Era el bullpen, o sea, el corral. No sabíamos que no era un colegio de creativos, no sabíamos que cada uno de ellos vivía en la quinta puñeta con respecto a los demás: se nos antojaba Camelot, y queríamos creer que los dibujantes de cómics de todos los tiempos no eran señores de vida anodina encadenada a un papel (menos Jim Steranko, claro, que era escapista) sino aguerridos creativos que intercambiaban ideas y vivían, como Jack Lemmon en Cómo asesinar a la propia esposa, a todo lujo, con mayordomo inglés y reflejando sus historias gracias a una base fotográfica.

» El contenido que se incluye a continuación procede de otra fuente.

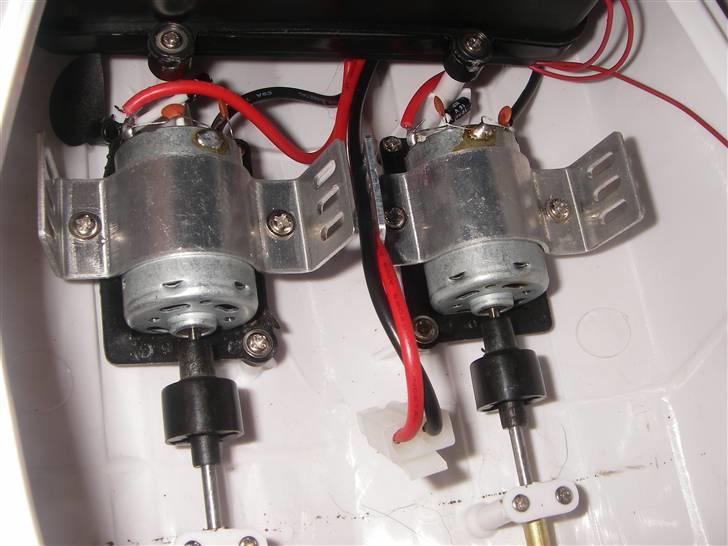 Båd ep racing boat  billede 2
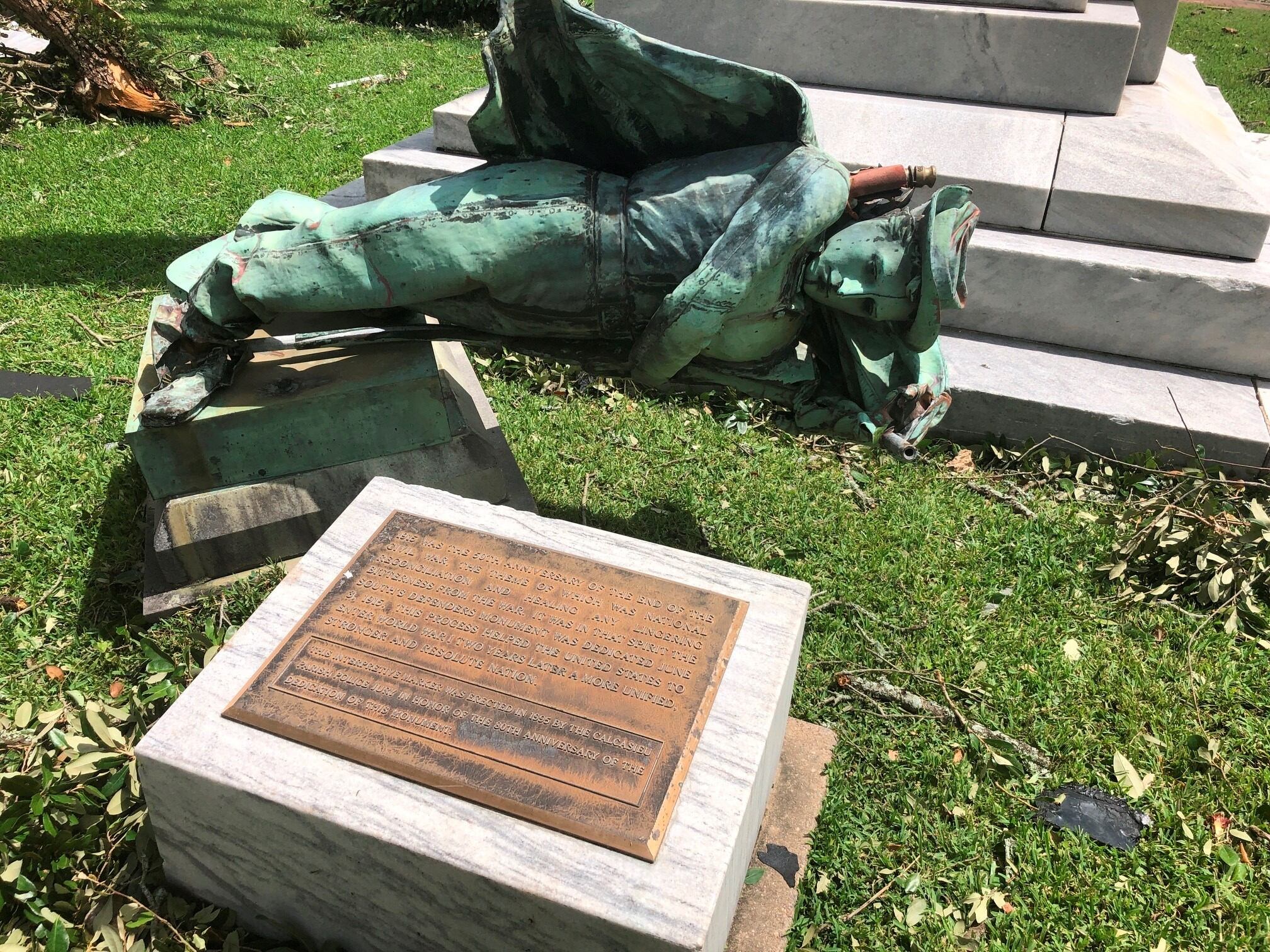 Una estatua de un soldado confederado yace en el suelo después de ser derribado por los fuertes vientos.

Nada de todo aquello era verdad, como alguno de nosotros pudo descubrir mucho más tarde, cuando el mundo se hizo pequeñito y la comunicación por internet nos permitió asomarnos a las puertas del cielo e incluso echar raíces en el mercado USA. No sabíamos entonces, como especulamos ahora, los dimes y diretes, los enfrentamientos y las noches de copas, los distintos puntos de vista y las rencillas por un quítame allá estos créditos que fueron configurando, mes a mes y título a título, la Era Marvel de los Cómics, eso que algunos insisten en llamar, la Edad de Plata.
En este libro, como un moderno Rick Jones que ha sustituido la radio de aficionado por los papeles electrónicos que nos permite asomarnos a internet, José Joaquín Rodríguez Moreno se adentra no tanto en el universo Marvel como ente ficticio que refleja modas y hechos reales, sino en ese entorno creativo, en los condicionantes culturales y económicos, en las relaciones humanas que rodeaban la creación de los tebeos y, a su modo, le dan forma.

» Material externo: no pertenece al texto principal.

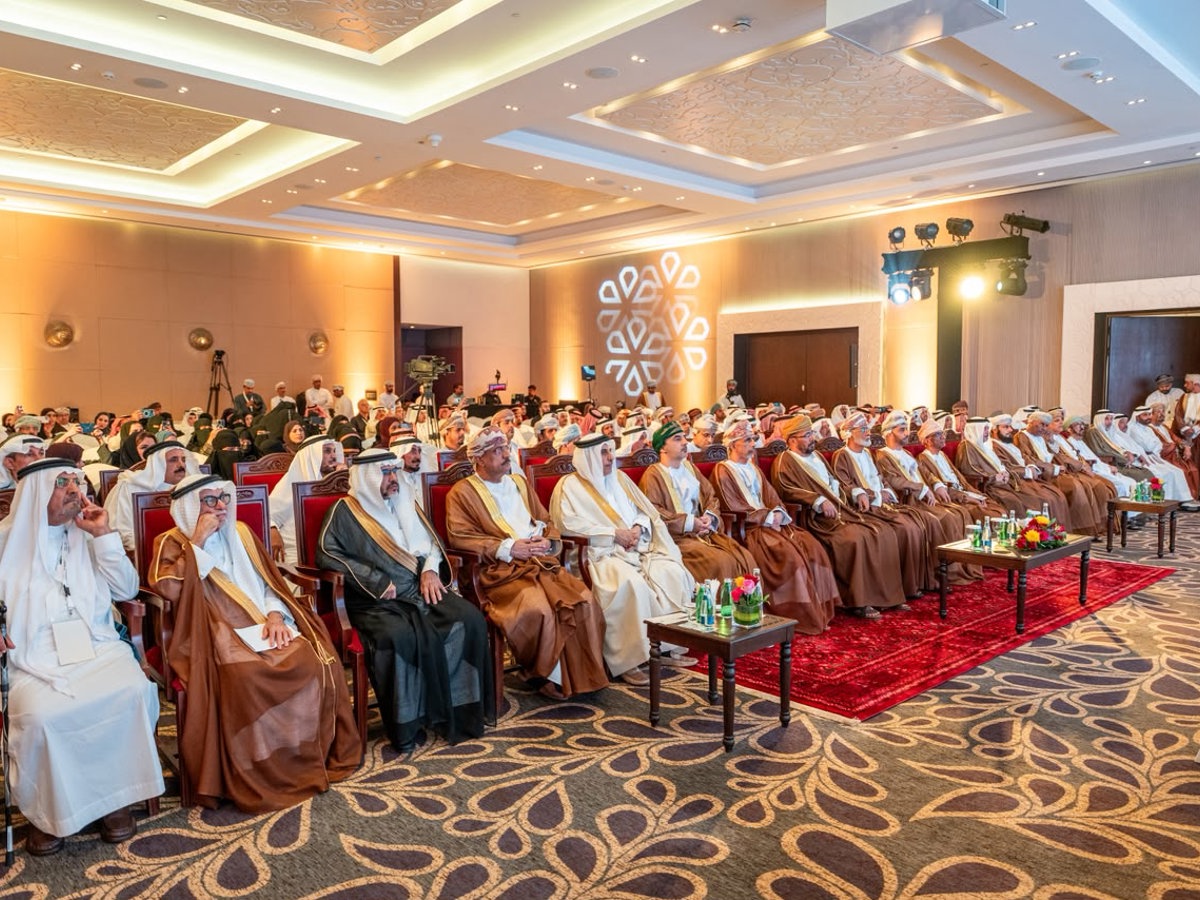 بمشاركة أكثر من 180 من المختصين والمهتمين 30 ورقة علمية تبحث تاريخ وآثار الخليج في ظفار — 2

Conocerán ustedes, gracias a este excelente trabajo de investigación y divulgación, unas cuantas claves más para entender el funcionamiento y el éxito de la Casa de las Ideas. Ese mundo de ensueño que no existía más que en nuestras ensoñaciones, aquel Camelot dorado que ya había alcanzado su plenitud cuando nosotros pudimos asomarnos a él, en los primeros setenta, cuando leímos las novelitas Vértice por primera vez; en los ochenta, cuando quisimos llamar a las puertas del cielo que tan lejos estaba aún en el espacio y el tiempo; y en los noventa, cuando aquel caramelo ya lo compartía tanta gente que había dejado de ser ese secreto a voces, aquella seña de identidad de mi generación. O sea, de mi quinta.